At the launch of Time Out’s ‘100 Best Horror Movies’ project early in 2012, we asked what the new wave of horror movies would look like, the films that would shake this tired and tiresome genre out of its torture porn and remake-induced torpor. Along with a handful of recent releases – which include Ben Wheatley’s ‘Kill List’ – ‘Dead Europe’ provides the beginnings of an answer. These are horror movies which aren’t quite horror movies, utilising the techniques and imagery of the genre to present a subversive, sidelong view of real-world events and situations.
In ‘Dead Europe’ the issue is exploitation, and how the echoes of Europe’s brutal past continue to shape our troubled present. Ewen Leslie plays Isaac, an Australian photographer who heads to Greece – his family’s birthplace – following the untimely death of his father, Vasilly. There he becomes embroiled in family drama – his Greek relatives all feel that Vasilly ran away from his responsibilities – but also in something more sinister: an immigrant child (Kodi Smit McPhee) appears and disappears, and the citizens of Vasilly’s home town seem to be harbouring some dark secret. The hunt for the truth will take Isaac to Paris and Budapest, encountering the victims and perpetrators of different kinds of hate crimes, past and present.
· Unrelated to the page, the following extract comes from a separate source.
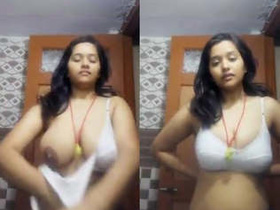 Merged video of a Desi girl flaunting her breasts and vagina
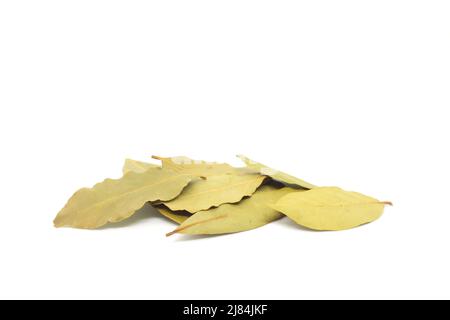 Dried bay laurel leaves or Laurus nobilis spice isolated on white background. Stock Photo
‘Dead Europe’ packs a lot of story into 84 minutes, and the result can feel a little busy, storming onward without sufficient attention to character or tension. But it gets so much right, asking timely questions about the way we treat one another and creating a vivid, intensely felt mood of crumbling grandeur and lost chances. It’s beautifully photographed and confidently performed, with a script steeped in mystery and misdirection. And although it may lack a raw, confident force to make it truly special, ‘Dead Europe’ completely nails its devastating, unexpected ending.